A leader is the person who gets to the airport solutions we should have had decades ago. A leader is someone who implements better accounting practices that help both the public and the Council see information they don’t know they need–so we can finally stop deluding ourselves. A leader is a mentor, one who doesn’t control, but helps decision makers see all the possibilities—not just the ones inside the bubble.
But we are gushing so hard to have a better communicator, we can’t see we’re engaging in exactly the same irrational exuberance as last time. People really should read the reviews of Mr. Matthias. Right up until the end, they were just as gushy.
We are, after one year, giving her larger increases than the ones people used to get so upset about. Discuss.
Not to sound snippy, but when he got his big pay days, (the ones that seem so much smaller now) the Council could at least try to justify it by saying that he’d put in several years and (cough) proven his economic genius. And at least then, everyone was required to vote in a full room. Not like people trying to slip one by at 10:00pm.

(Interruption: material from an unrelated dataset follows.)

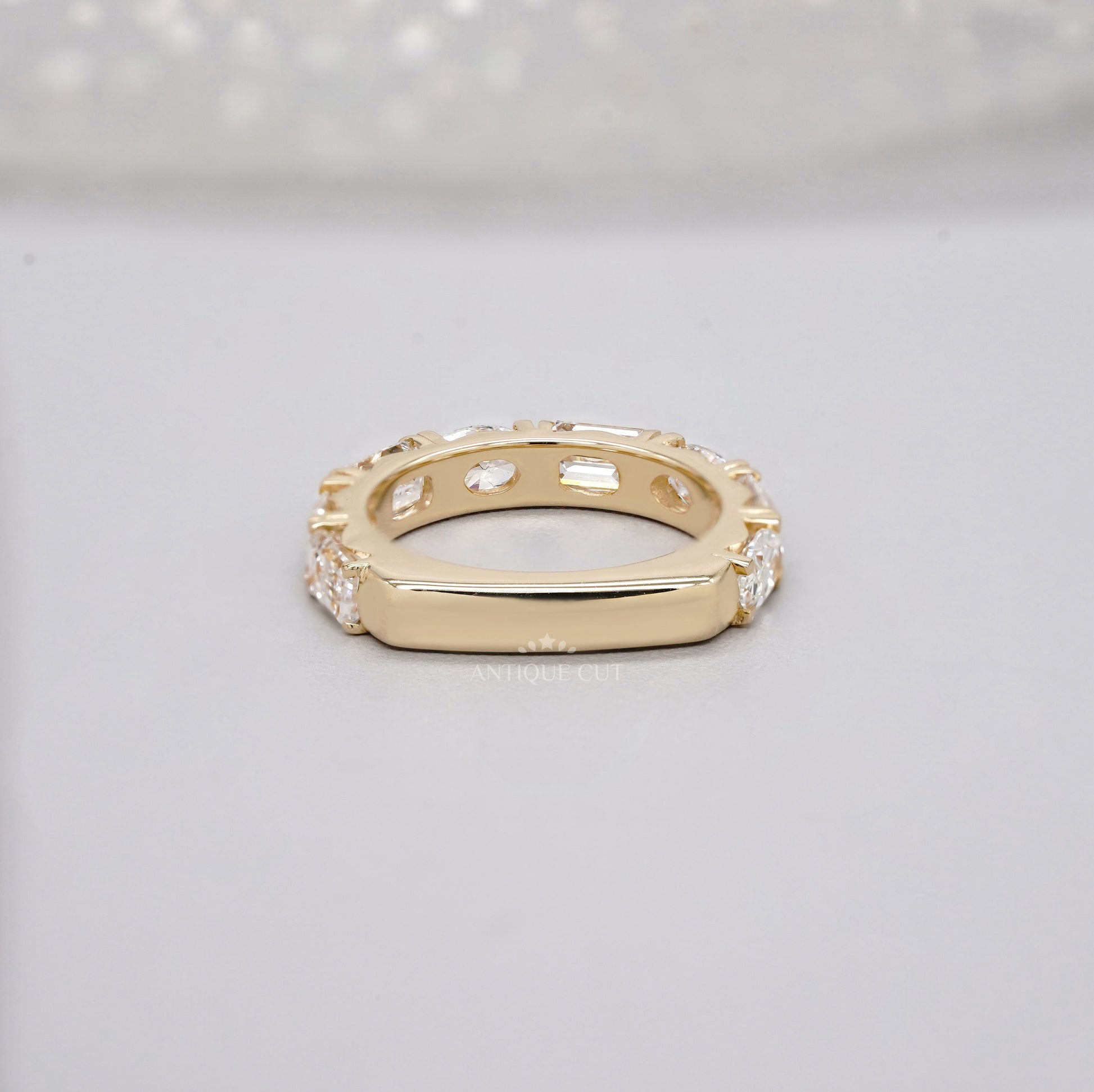 Emerald & Oval 2.00tcw Lab Grown Diamond Band Ring | IGI Certified | Yellow Gold | Half Eternity Style | VVS–VS Clarity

We always talk about wasteful spending at the federal government, the state government. During Ms. Caffrey’s hiring and in her initial review, the Council directly addressed salary inflation at the director level. These kinds of decisions make that even more challenging.
Look at what we do, not what we say. Last Thursday we seemed on the verge of giving ourselves automatic raises, during a financial crisis. We used the same rationale to give our City Manager about $100k in extra compensation — after one positive year.
(One other thing. Perhaps one reason some colleagues jones so hard for increasing the property tax cap is not because we can’t simply go to the voters. More likely it is because they like the word ‘automatic’. Automatic means “we can do it without having to convince anyone.” Get it? “It’s not us. It’s just automatic.“)
As with her predecessor, my colleagues have expressed concerns about her feeling appreciated. Perhaps even using Des Moines as a quick ‘resume-builder’ before jumping ship. This year was the resume builder? Have you seen our books?
But OK, taking those concerns seriously, perhaps this example might prove instructive – for all parties.
Boeing’s new CEO Kelly Ortberg took a much smaller initial package than his ill-regarded predecessor—recognising he had some serious trust building to do. But the board also included some pretty sweet, and specific, performance bonuses for future years. To my mind, that is a better way to compensate and show commitment to a leader you want for the long haul.
Better communication is great. But if you want someone who leads, you have to treat them like a leader–and then have the courage to evaluate them like a leader—not a manager. Both sides should have some skin in the game.